57Fidèle à son intitulé, le dictionnaire de Weisman (2020) se caractérise par le détail qu’il consacre à la plupart des phraséologismes traités par le Wiktionnaire. Il innove en indiquant systématiquement la datation à la fois du modèle de langue anglaise et celle du calque en français, le tout généralement accompagné d’un « aperçu lexical ou culturel ». Par définition, il reconnaît l’origine anglo-saxonne des lexèmes :
- plafond de verre : entrée, locution (1987). Calque (intégré) du nom américain glass ceiling (même sens, 1984) ; aperçu lexical ou culturel : s’emploie notamment à l’endroit des femmes ( > genre, langage inclusif, sexiste) et des minorités ethniques (> discrimination, ethnique).
- éléphant blanc : entrée, locution (1902), calque (intégré), white elephant (1851). Aperçu lexical ou culturel : « On raconte que le roi de Siam aurait offert à certains courtiers, en guise de cadeau empoisonné, un éléphant blanc… »
58Dans la même entrée « la locution voir (voler) des éléphants roses « avoir des hallucinations [sous l’effet de l’alcool ou de la drogue] » (1952) est calqué sur l’américain to see pink elephants (1900), celle de éléphant dans la pièce « sujet gênant que l’on feint d’ignorer (2001) est sur l’américain elephant in the (living) room (1984 ; 1935 en philosophie) ».
- Thé : tasse de thé de l’anglais [not] one’s cup of tea (« [chose, personne] qui n’intéresse ou [ne] convient à qqn », 1932).
59Weisman signale dans la même entrée (thé) tempête dans un verre de thé (1918), de tempest/storm in a teacup (1854), phraséologisme non noté par Fiedler.
60La minutie des descriptions lexicographiques des phraséologismes fait de ce dictionnaire un précieux outil de recherche pour l’origine et l’évolution du lexique.
61En recherchant des exemples textuels des phraséologismes mis en lumière par Fiedler (2014), nous nous sommes rendu compte que les chroniqueurs de langage sont particulièrement efficaces dans la collecte de cette forme d’anglicisme. Quentin Périnel (journaliste et chroniqueur au Figaro), par exemple, anime une rubrique intitulée « Les expressions à bannir au bureau » pour laquelle il sollicite les contributions des lecteurs : « Pour le bien de cette chronique, continuez à me soumettre les horreurs que vous entendez autour de vous20 ». Toutes ne sont pas des anglicismes : c’est ainsi que sont critiqués suite à, comme tout un chacun, déso… on en est tous là… mais la plupart des cas cités le sont.

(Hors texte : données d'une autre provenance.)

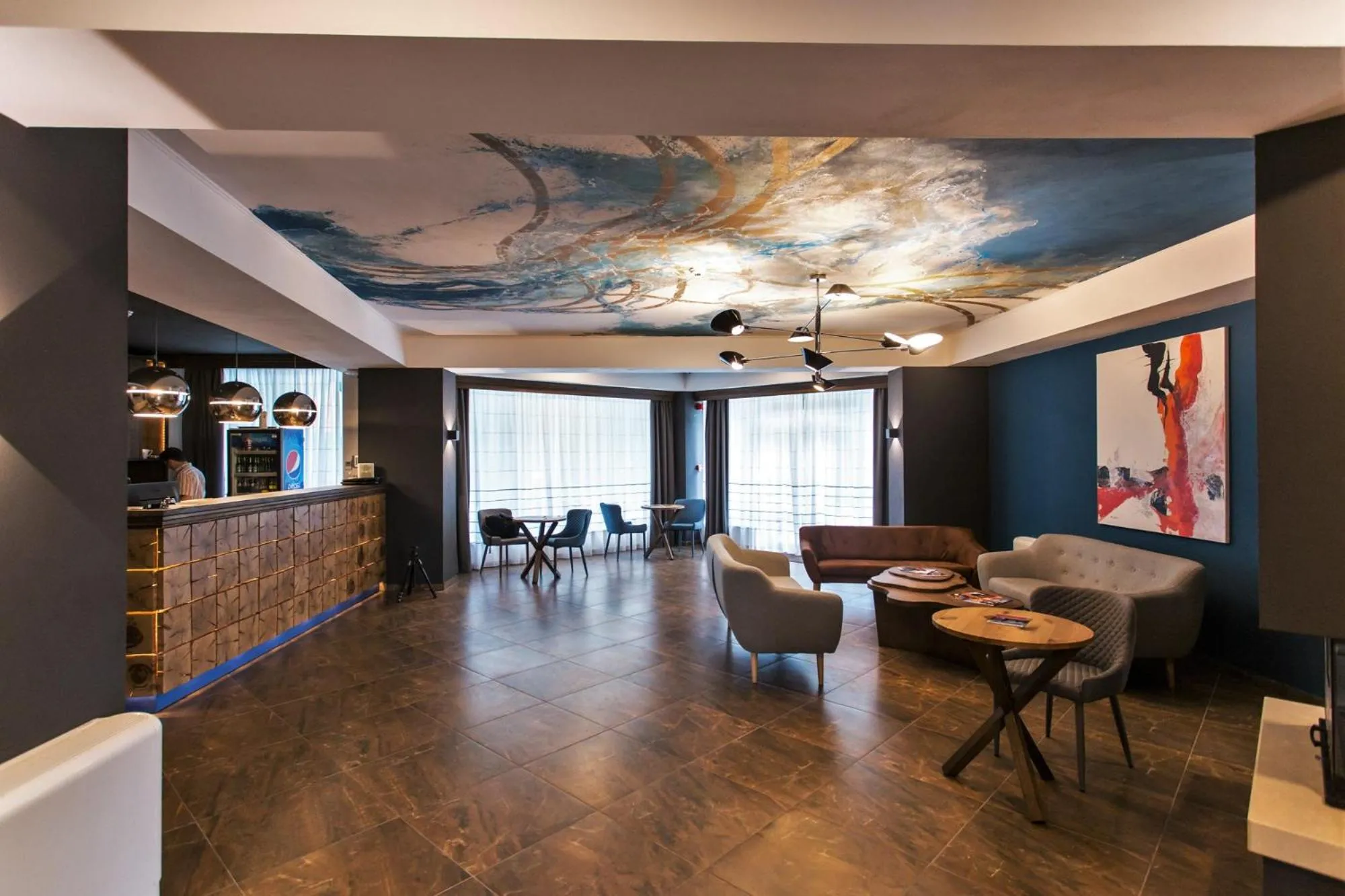 Communal lounge/ TV room in Panorama Boutique Hotel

- 21 Traduction de ÂmeRaven: Les Chroniques des Ravens, T7 de James Barclay
62Une autre source qui mériterait exploration se trouve sous la forme des « romans à l’eau de rose » traduits de l’anglais américain. C’est là où nous avons relevé des attestations de la version française de I thought you’d never ask sous la forme de : je pensais que tu ne poserais jamais la question…21 A la fin du dix-huitième siècle, l’abbé Féraud dans son Dictionnaire critique déplorait les mauvaises traductions (et recommandait comme remède les bons dictionnaires !) (Humbley, 2022). Au vingt-et-unième siècle il trouverait encore à critiquer !
63Malgré le décalage entre la constitution du corpus allemand et la consultation des dictionnaires français, le nombre de phraséologismes d’origine anglo-saxonne est moins important dans le Wiktionnaire que dans l’enquête réalisée par Fiedler (2014). Cet écart s’explique en partie par la différence de support : le corpus représente les emprunts en discours tandis que les dictionnaires sont supposés constater un début de lexicalisation.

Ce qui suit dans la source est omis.